I want to grieve. I want to have the freedom to grieve without being judged or called weak. I want to have the freedom to sit in my house and cry all day without feeling like I am annoying my girlfriends. Sad to say that some of my girls are not equipped to comfort a greiving friend in any situation. The immediate response is for their grieving friend to “toughen up girl” or get “over it”. What if it is not time to toughen up? They refuse to let themselves appear to be weak and let the shell down to comfort someone else. If they do then the thought is that the person should quickly get over it. I want to be able to talk to about my emotions without feeling as if I am going to be labeled weak. Sometimes I do not want my reaction to be anger. Sometimes I want to allow myself to be vulnerable. I want to have the freedom to be sad without being told that I am being weak or I need to toughen up if I am crying.

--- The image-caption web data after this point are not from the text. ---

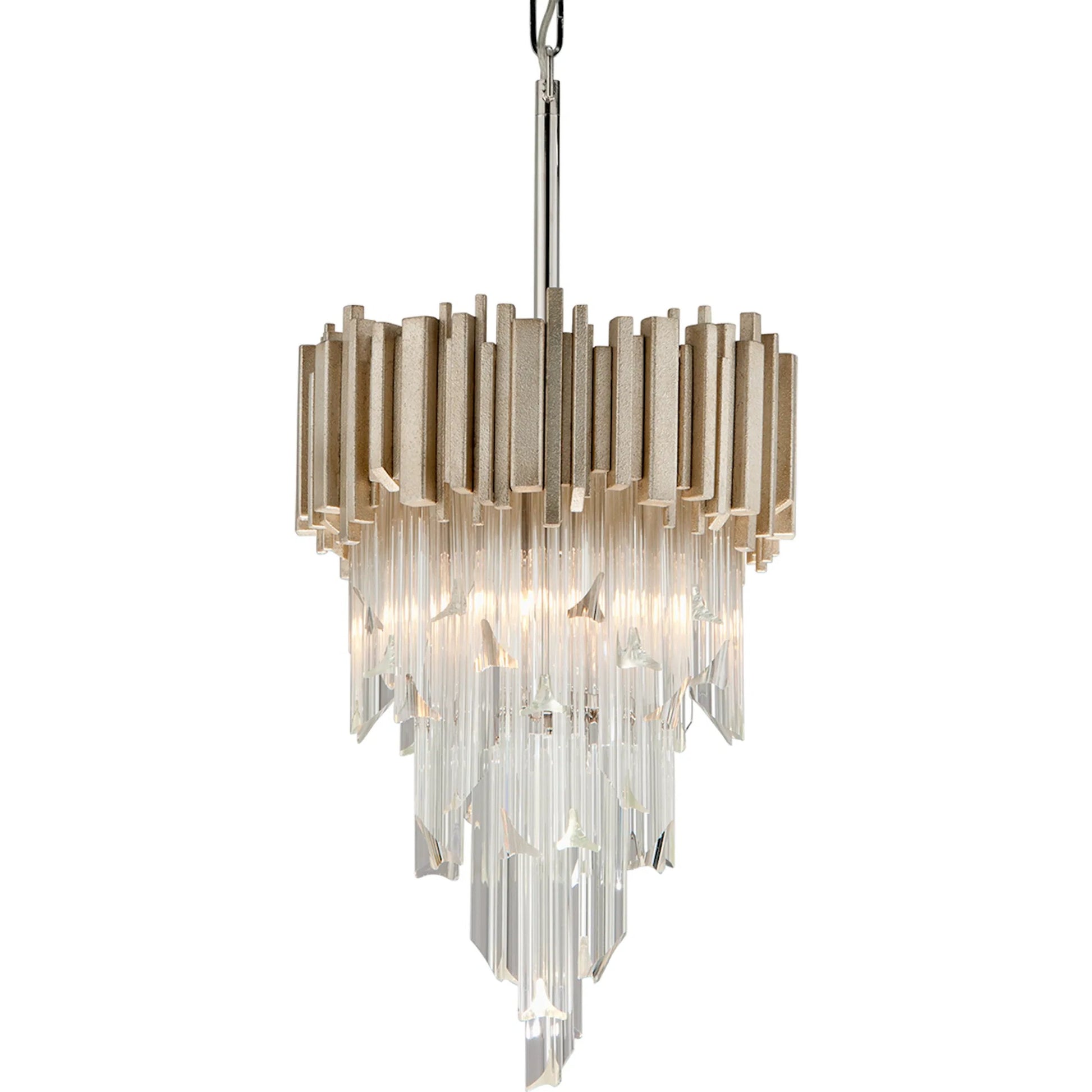 Mystique Pendant by Corbett in modern silver leaf. Made from hand-crafted iron in a modern style.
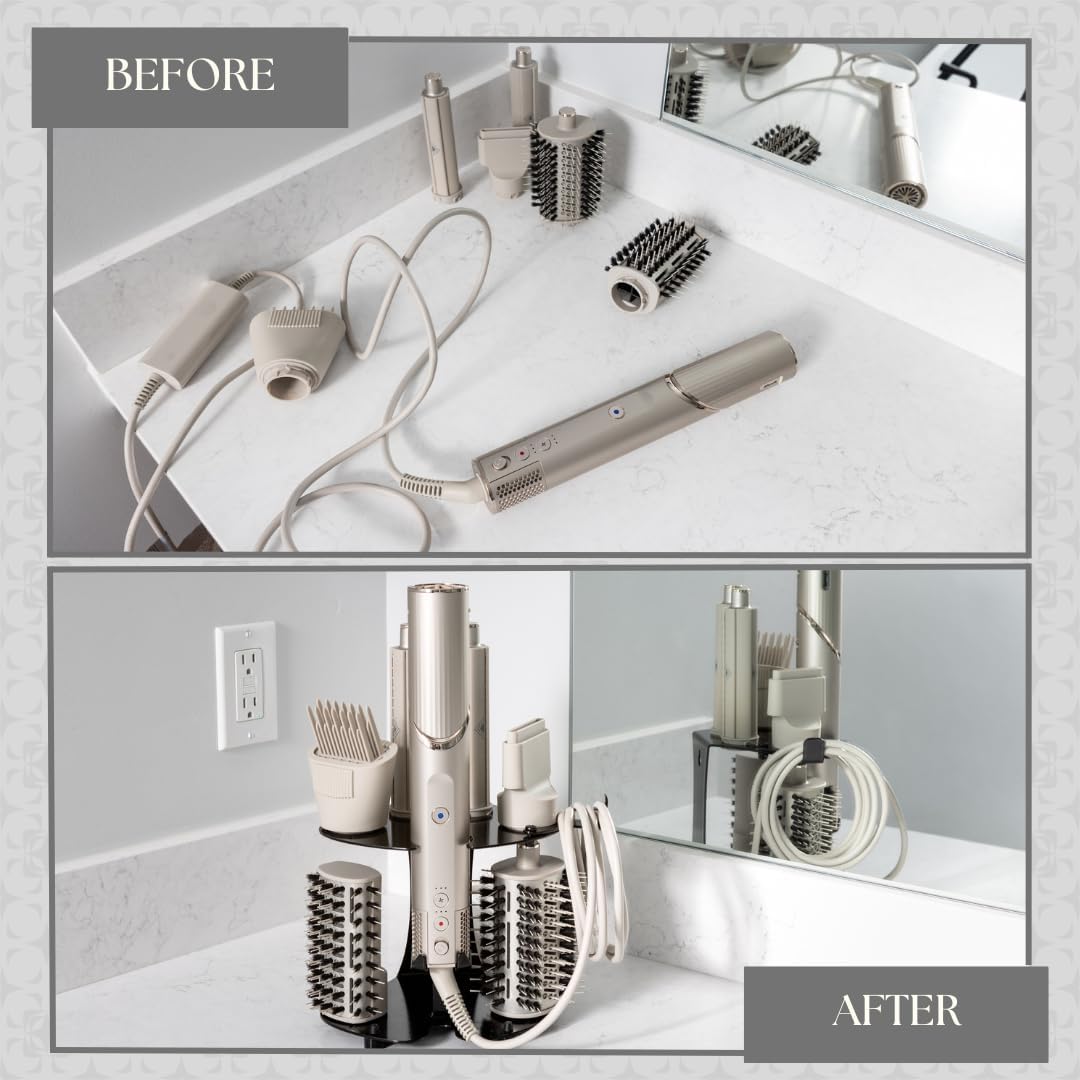Soporte de accesorios para secador de pelo, compatible con Shark FlexStyle, organizador de baño montado en la pared o en la encimera para accesorios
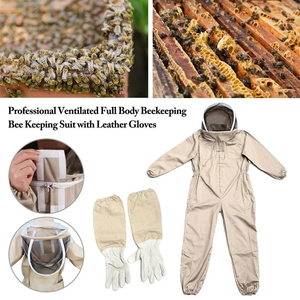 Combinaison d'apiculteur avec capuche et écran facial en maille, beige, coupe régulière, pour l'apiculture - Product Image 5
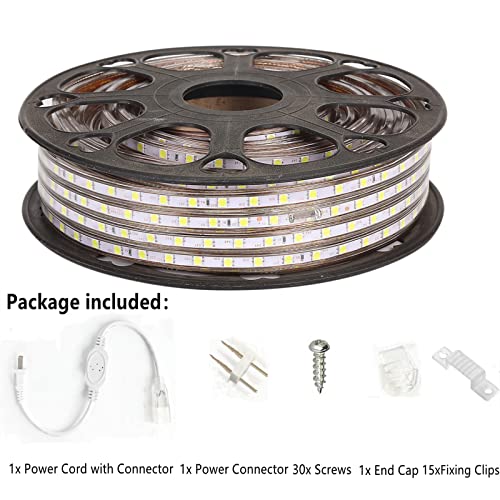 Buyagn Blue Rope Lights, 110V Flat Led Strip Lights Waterproof Kit For Indoor/Outdoor Decorations, 100Ft Waterproof Led Lights For Outside, Party, Backyards Garden, Christmas Decorations #TOP6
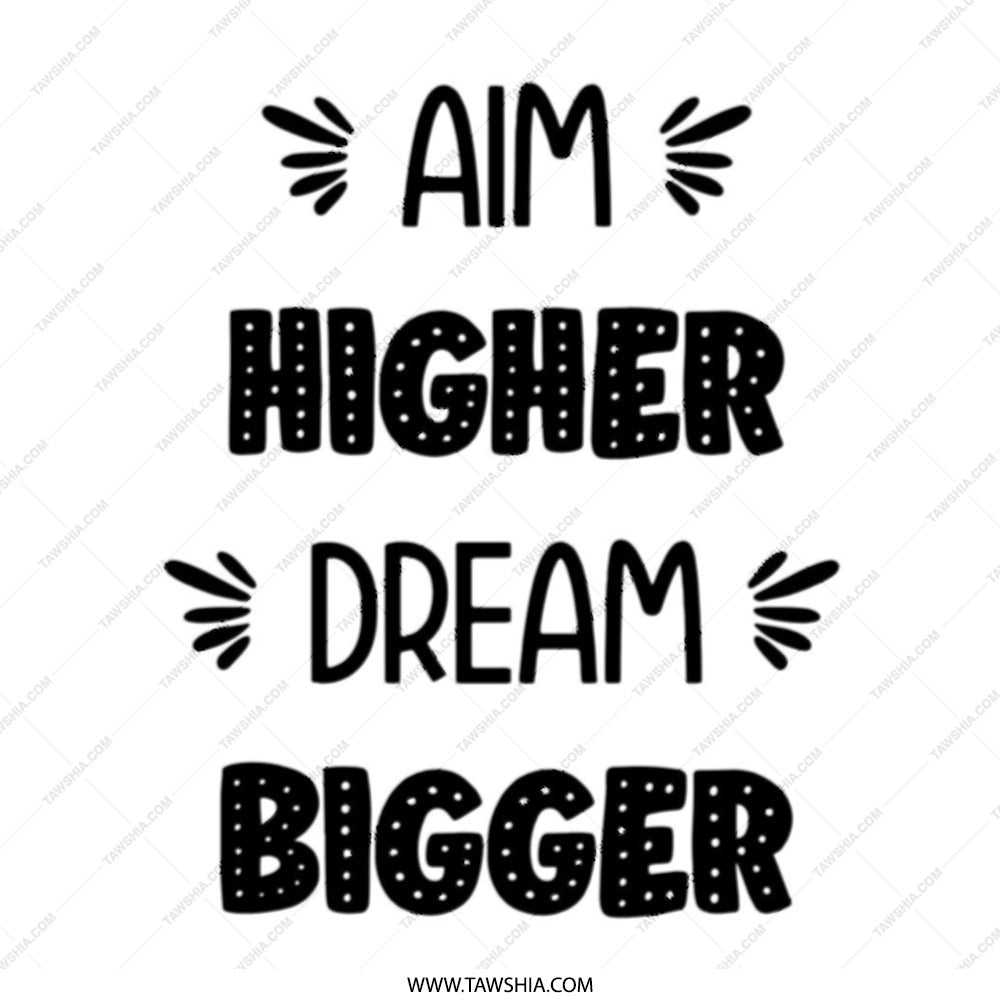Aim Higher Dream Bigger Tote Bag, Motivational Quote Bag, Inspirational Text Tote, Everyday Carryall, Positive Affirmation Bag - Tawshia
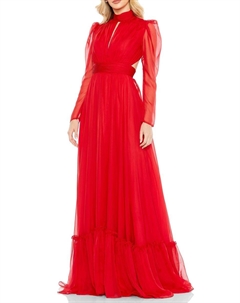 Платье-клеш с завязками на спине, красный Mac duggal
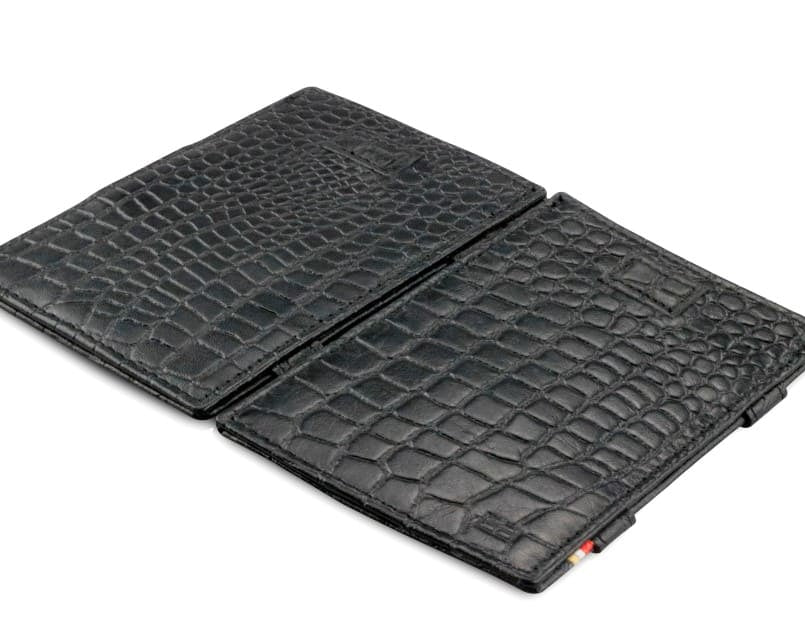 Front and back view of Cavare Magic Wallet Card Sleeve  in Croco Black.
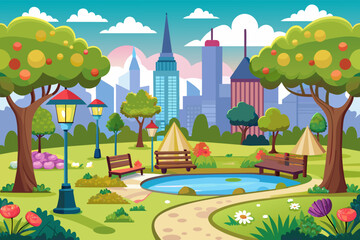 park cartoon vector illustration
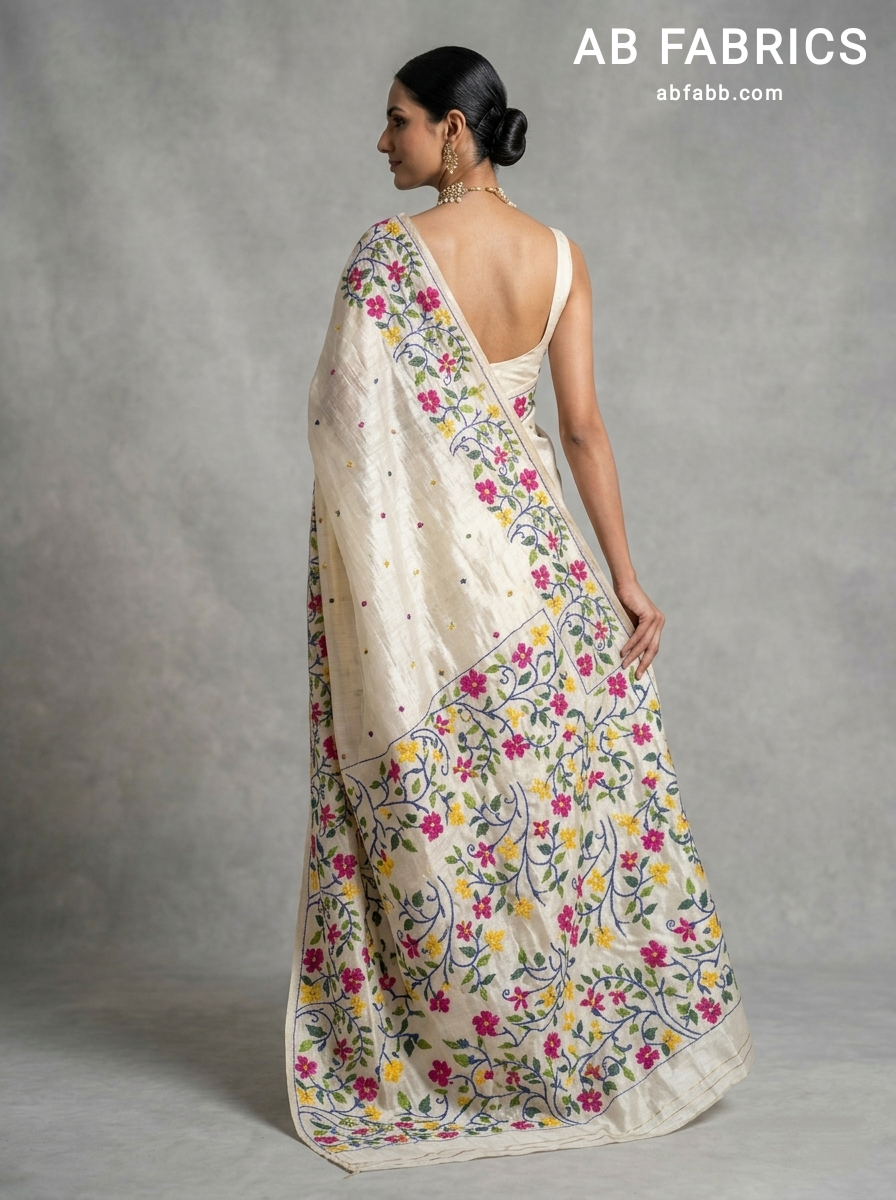 Off-White Pure Tussar Silk Saree with Multicolored Floral Kantha Stitch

I am currently dealing with the death of my Grandmother. Wait let me rephrase that. She was more than a Grandmother. She was my confidant, home girl, ride or die. She was my best friend. A dynamic part of the reason I am the woman I am today. In dealing with this loss, I am finding that many of my girlfriends, and some family members are expecting me to “hurry up and get over it” or would rather not deal with the situation at all because they feel that by embracing me it would make them appear to be weak as well and they cannot embrace that feeling. In the Black culture and especially among other Black women it is frowned upon when a Black woman shows emotional vulnerability. She is expected to simply pick up and get over it. Take for example when a Black woman ends a long term relationship. While some other women from other cultures are allowed to fall out, cry, be depressed. Their friends are understanding of their grief and do no judge them or expect them to “hurry up and get over it”. As opposed to some Black women who experience heartbreak and are told by their girlfriends “girl get over it” or “he wasn’t even all that”. God forbid that in a moment of vulnerability that you are seen crying by your peers. Oh no. You have truly committed sin.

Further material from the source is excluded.